* [Exercise requirements]: Please print nothing but the lines from the one containing "Hello Carlos Rosario" to the final line below, exactly, and no pictures.
☆ ☆ ☆ ☆ ☆ ☆ ☆
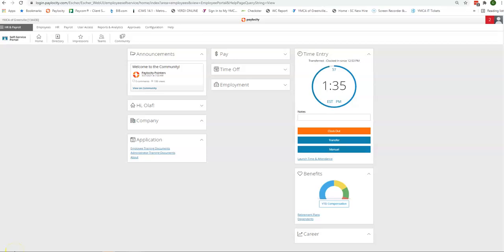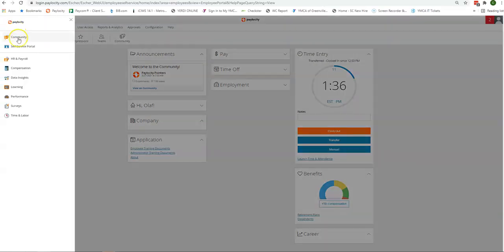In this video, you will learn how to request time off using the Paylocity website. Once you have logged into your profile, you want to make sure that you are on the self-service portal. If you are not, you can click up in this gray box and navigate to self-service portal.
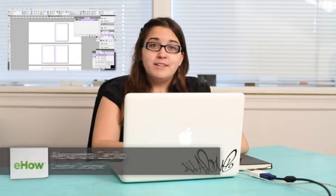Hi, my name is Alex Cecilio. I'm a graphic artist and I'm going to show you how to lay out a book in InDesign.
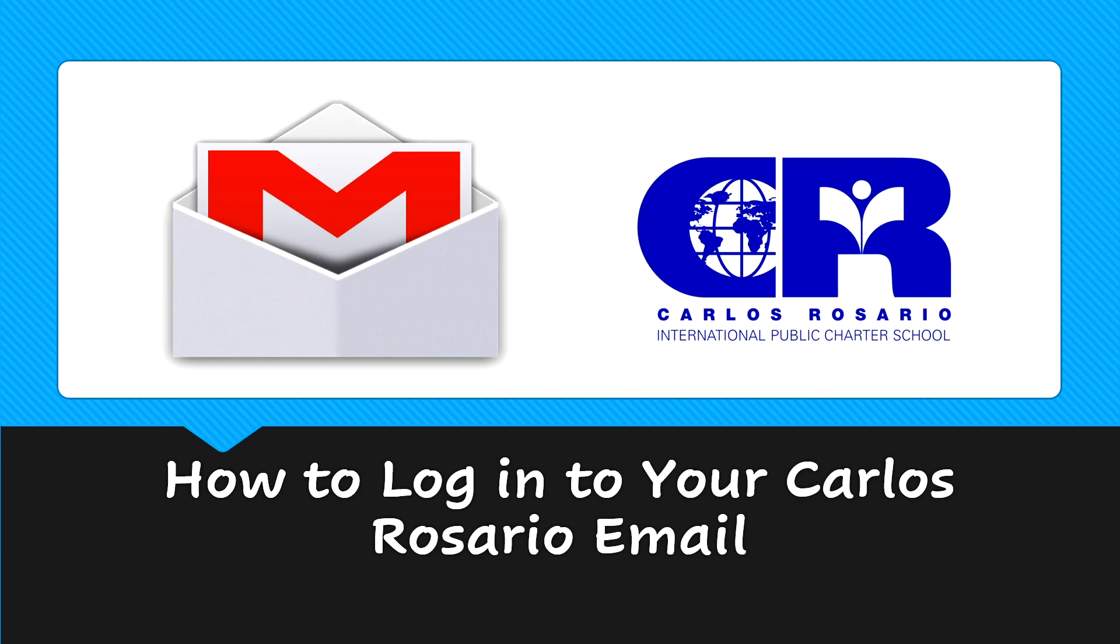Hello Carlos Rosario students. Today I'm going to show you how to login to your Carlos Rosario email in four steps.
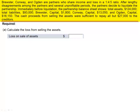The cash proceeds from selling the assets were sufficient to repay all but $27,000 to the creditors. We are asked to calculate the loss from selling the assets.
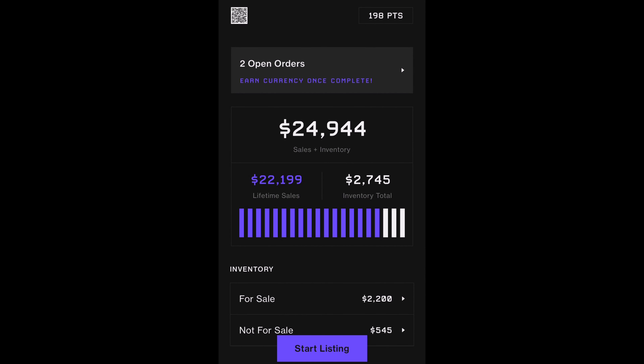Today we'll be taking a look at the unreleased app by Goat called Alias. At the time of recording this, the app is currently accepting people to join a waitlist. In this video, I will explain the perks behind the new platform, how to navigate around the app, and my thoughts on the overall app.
☆ ☆ ☆ ☆ ☆ ☆ ☆
* [Output below]:
Hello Carlos Rosario students. Today I'm going to show you how to login to your Carlos Rosario email in four steps.
The cash proceeds from selling the assets were sufficient to repay all but $27,000 to the creditors. We are asked to calculate the loss from selling the assets.
Today we'll be taking a look at the unreleased app by Goat called Alias. At the time of recording this, the app is currently accepting people to join a waitlist. In this video, I will explain the perks behind the new platform, how to navigate around the app, and my thoughts on the overall app.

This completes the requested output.